• **Work required**
All of the listing must be given again exactly, except that the images are dropped.

• **Dataset content**

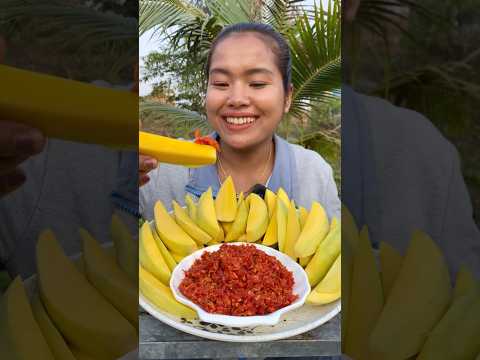 Looks delicious everyone #siscookingtv #mukbang #mango #eating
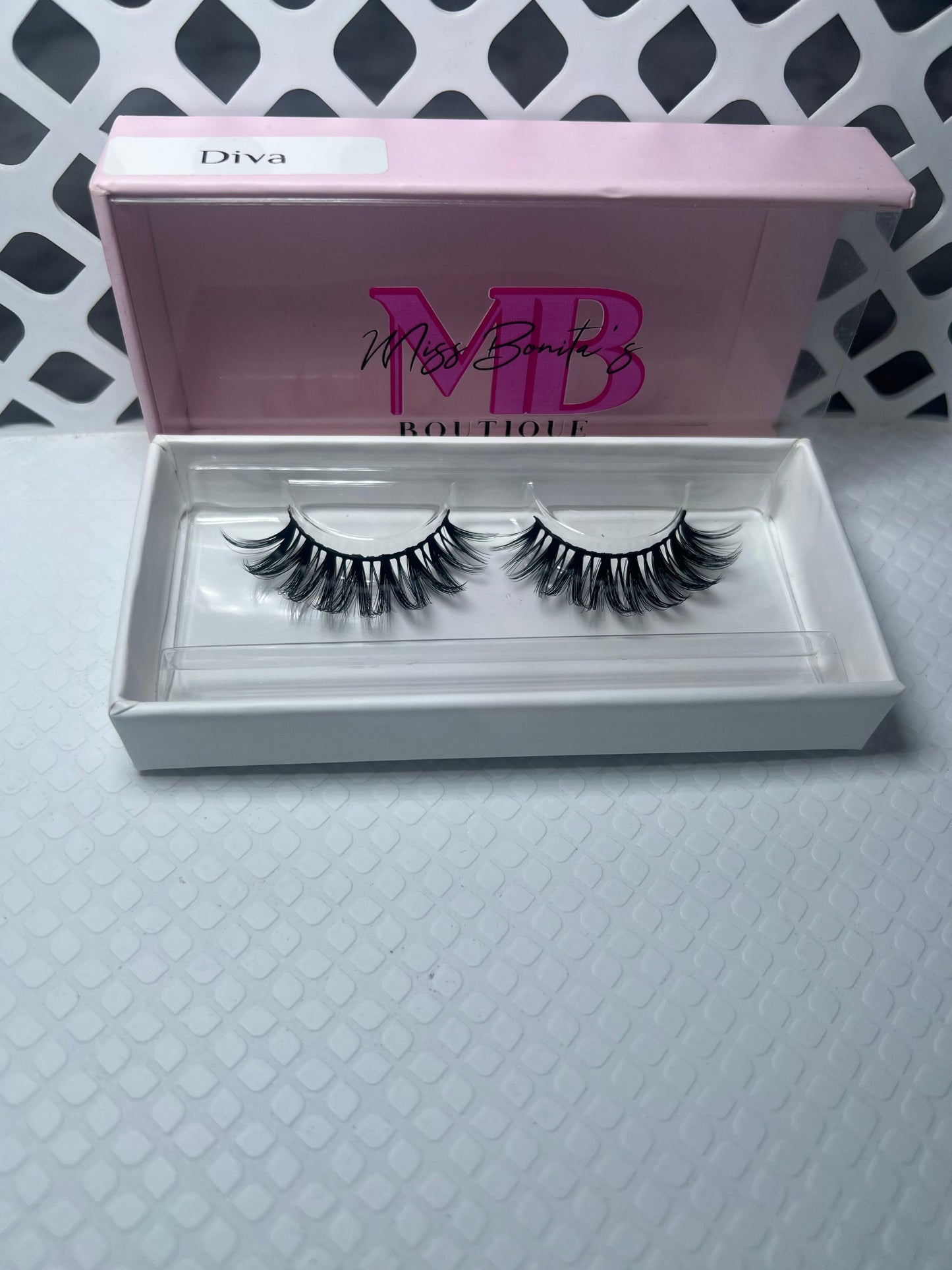 LASH STYLE: DIVA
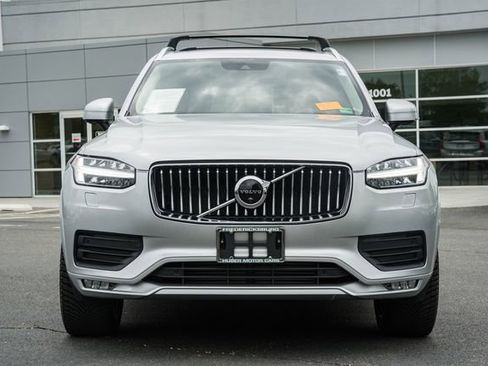 Used 2022 Volvo XC90 T6 Momentum w/ Advanced Package AWD/4WD image 2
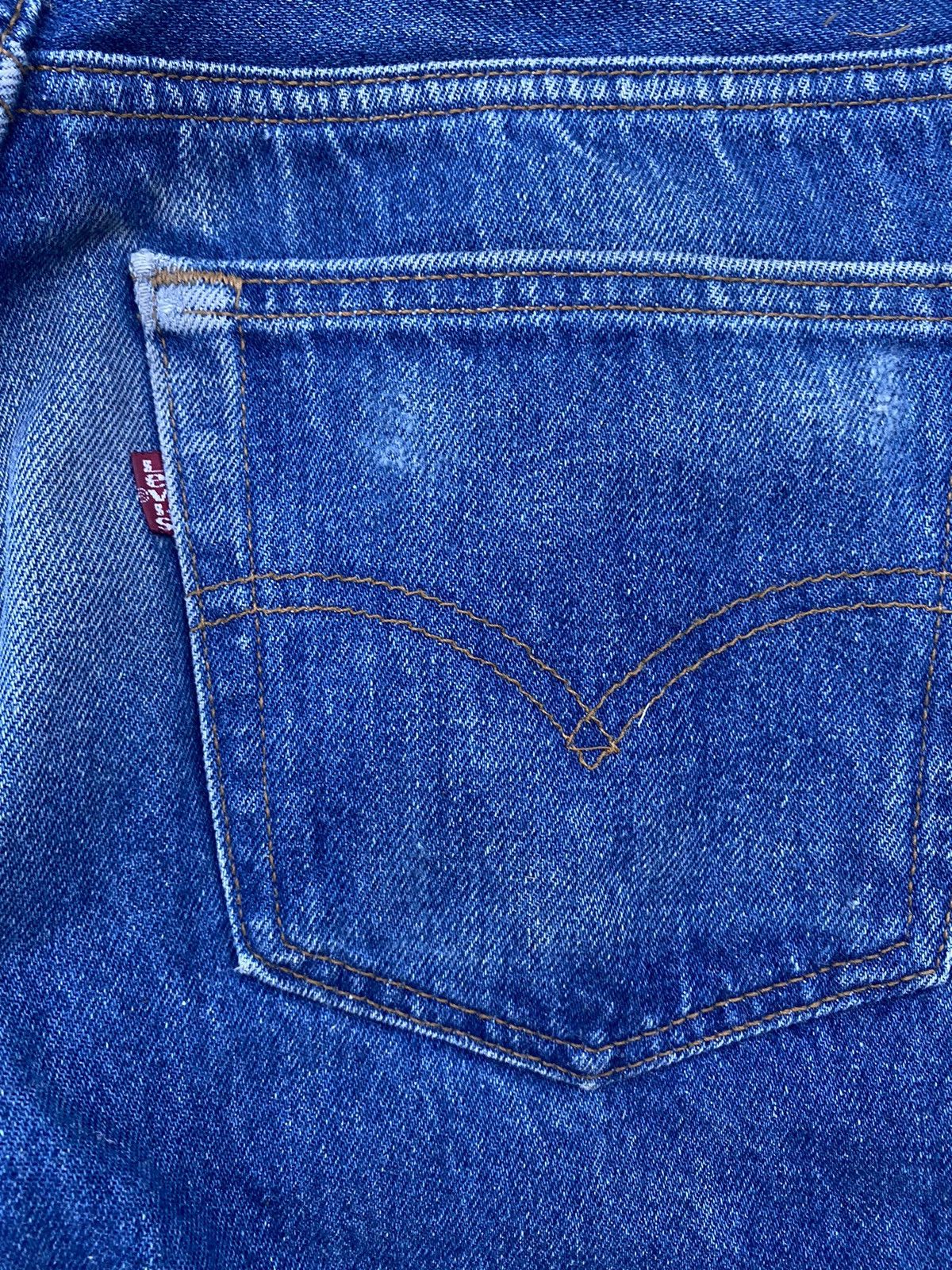 Levi's 90s Vintage Levis 501 Buttonfly Size US 32 / EU 48 - 7 Thumbnail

• **Reply to the exercise**
 Looks delicious everyone #siscookingtv #mukbang #mango #eating
 LASH STYLE: DIVA
 Used 2022 Volvo XC90 T6 Momentum w/ Advanced Package AWD/4WD image 2
 Levi's 90s Vintage Levis 501 Buttonfly Size US 32 / EU 48 - 7 Thumbnail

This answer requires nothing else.